- - Saturday, December 18, 2021

A couple of weeks ago, in this column, I wrote that it’s that time of year, that “most wonderful time of year,” when our country’s thought police come out of the woodwork to tell us what we can and cannot say. I wrote of stories too numerous to count where our culture’s minions of mind control stand barricaded behind their cash registers at Target and Starbucks, telling us what greetings we can and cannot use. I wrote of doublespeak and hypocrisy. I wrote of intolerance while claiming to be tolerant. I wrote of Orwell’s obedient lemmings waving their Christmas banners of inclusion while shamelessly excluding anyone who dares to say, “Merry Christmas.”

This duplicitous lunacy is not new. In fact, it has been with us for years. Consider the case of American Airlines Flight 1140.  

On Dec. 23, 2015, a passenger was tossed off a plane at New York’s La Guardia Airport because of his reaction to an airline worker who wished him, shame for shame, a “Merry Christmas.”

As the story goes, this traveler was waiting to board the plane when the gate agent welcomed everyone with the traditional season’s greeting. The offended passenger responded by shouting, “You shouldn’t say that. Not everyone celebrates Christmas.” 

Well, once seated inside, our Mr. Scrooge was greeted by another American Airlines employee who was apparently oblivious to the earlier exchange. This time, it was a flight attendant who made the same unforgivable error of wishing Ebenezer a “Merry Christmas.”



And that was the last straw. “Don’t say Merry Christmas,” raged Jack Frost before launching into a tirade whereby he presumed to lecture the attendants, the pilot and all others within earshot about their festive faux pas. 

Refusing to calm down, he continued his tirade. The end result was that he was escorted off the plane as his audience of fellow passengers burst into cheers and applause at his departure. 

While this story may seem humorous because of its absurdity, we need to think about its serious side for a moment. 
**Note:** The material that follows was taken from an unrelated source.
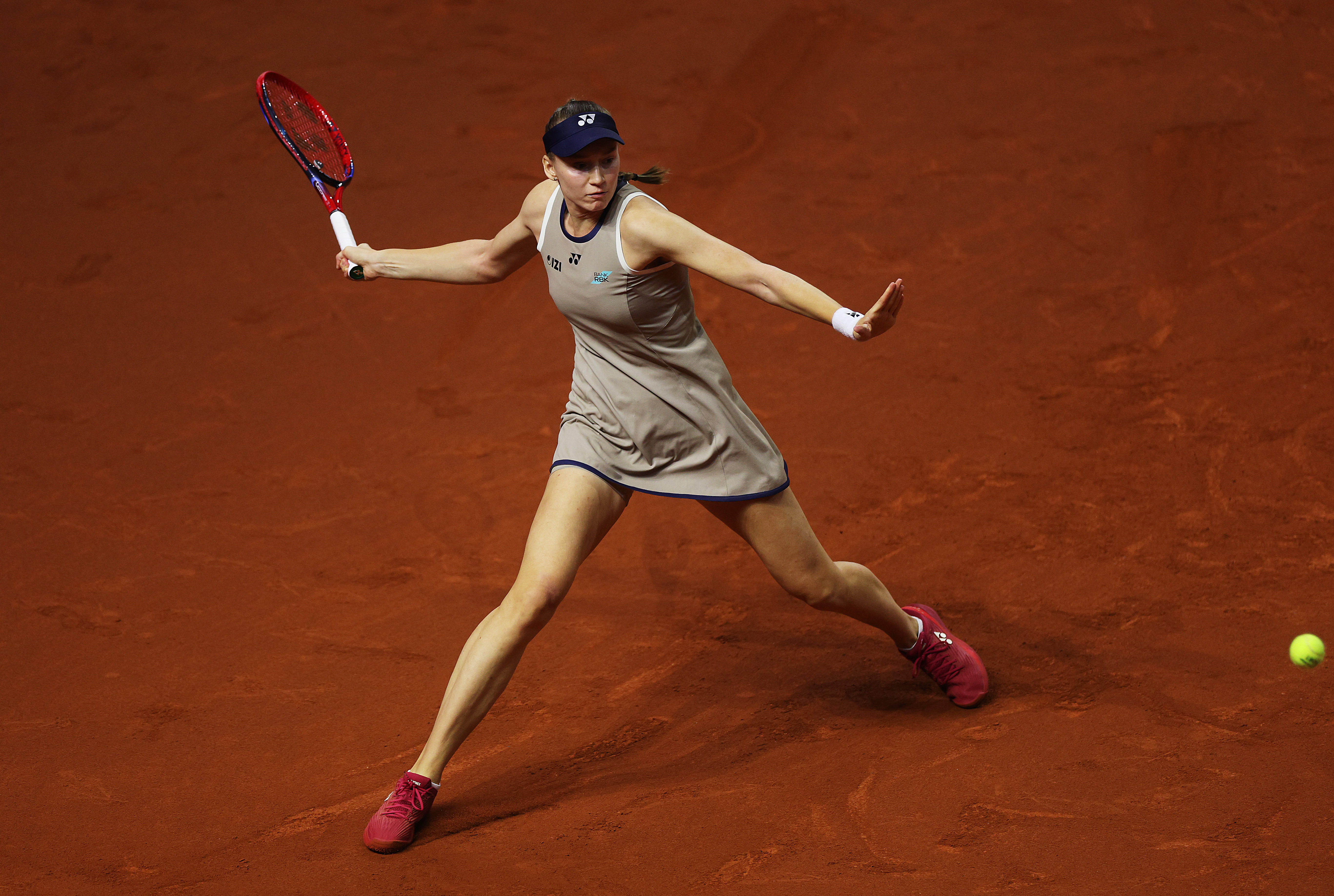 火娃不哭~堪比2008澳网决赛玛丽亚莎娃VS安娜伊万般的颜值对决，看了第一盘末段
Consider, for example, the man’s premise that Christmas, i.e., the historicity of the birth of Christianity, is an offense and that this malcontent, and presumably millions of others like him, would be better off without it. 
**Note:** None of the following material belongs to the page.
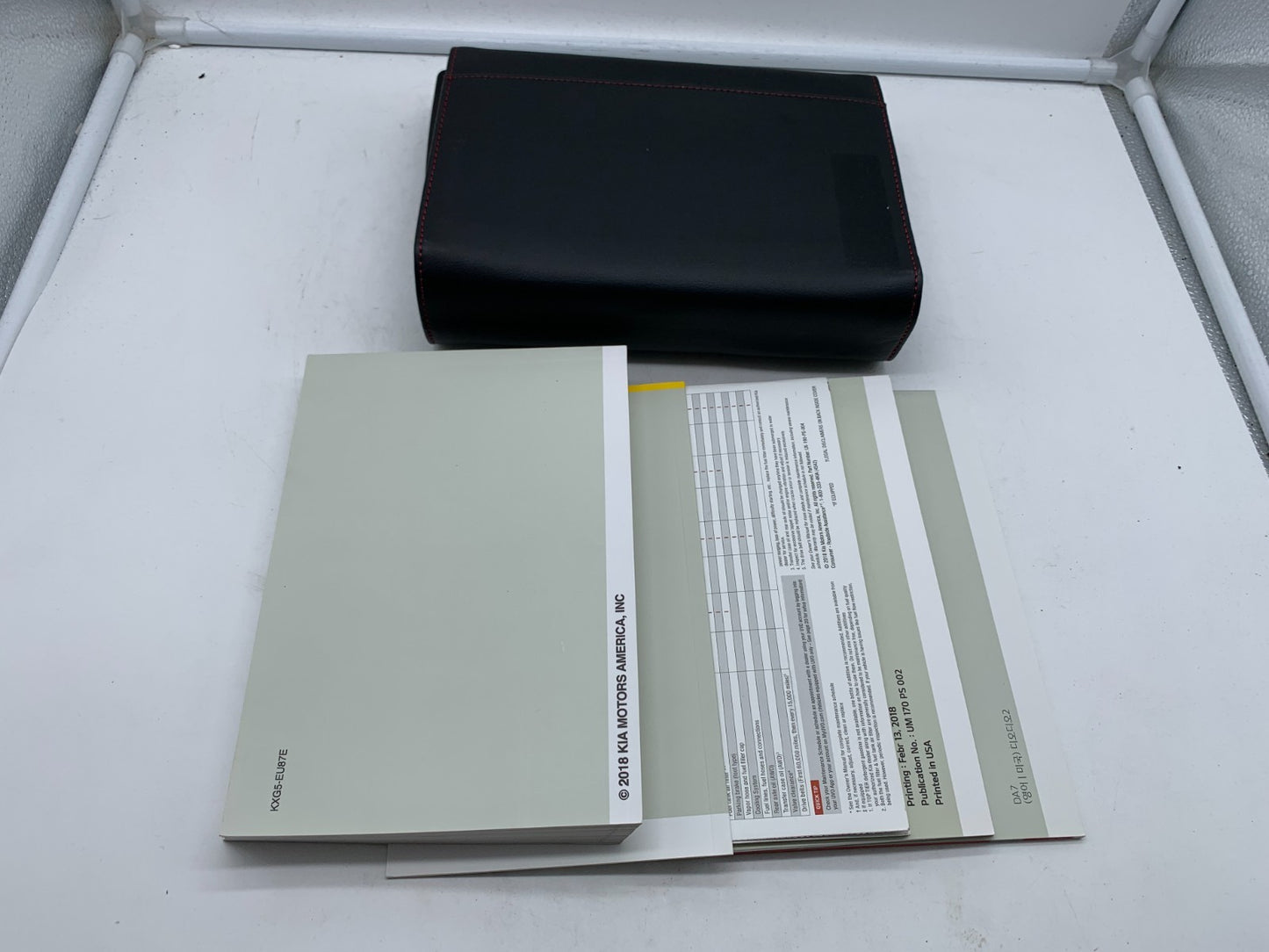 2019 Kia Sorento Owners Manual Set with Case OEM A04B01005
Our first reaction to this claim should be to ask a basic question. What would the world look like today if it weren’t for Christmas? In other words, what would life be like if our grumpy traveler had his way and the “ideas and acts [of Christmas had not been] hurled across the centuries and around the world” (Thomas Cahill); some 2000 years ago? 

Whether you’re a believer in the theology of Christmas or simply an open-minded historian, you have to confess to the impact of the holiday’s sociology and cosmology on western civilization. The fact of the matter is that the story of the birth of Christ has dramatically changed humanity’s understanding of life and the way we live it. From Saul of Tarsus to Emperor Constantine, to Wesley, Wilberforce and Whitfield; to Chesterton and Lewis, millions of lives have been turned from deception and debauchery to compassion and love because of Christmas

History tells us that the Greek and Roman cultures stopped the practice of “exposure,” otherwise known as infanticide, because of Christmas. The Celtics, Prussians, Aztecs and Mayans abandoned human sacrifice because of Christmas. Sexual fidelity and respect for marriage were normalized in the Roman Empire and throughout the West because of Christmas. Women were no longer considered mere property and chattel because of Christmas. Compassion for the sick and the dying during the great plagues of Europe took place because of Christmas. Charity for the poor and the elderly became expected during the Industrial Revolution because of Christmas. Hospitals, orphanages, child labor laws, education, economic freedom, the dignity of labor, civil rights, private property and racial equality all were established and promoted because of Christmas. Slavery was abolished, and the sanctity of all human life was celebrated because of Christmas.

Christmas changed the world. We are told in Matthew 1:21 that “His name shall be called Jesus, for he will save his people from their sins,” and a brief look back at history tells us that this is so true! Christmas not only saves us from our personal sins, but the “ideas and acts” of Christmas have saved us from the sins of untold others who before the birth of Christ would have ignored us, used us, oppressed us, enslaved us or even killed us in the halls of their governments and on the altars of their gods. 

So, to the ill-informed and intolerant passenger of Flight 1140 and all those like him, let’s all join in wishing everyone a Merry Christmas and thanking God for it. 

• Everett Piper is currently a candidate for Commissioner in Osage County, Oklahoma, and a columnist for the Washington Times.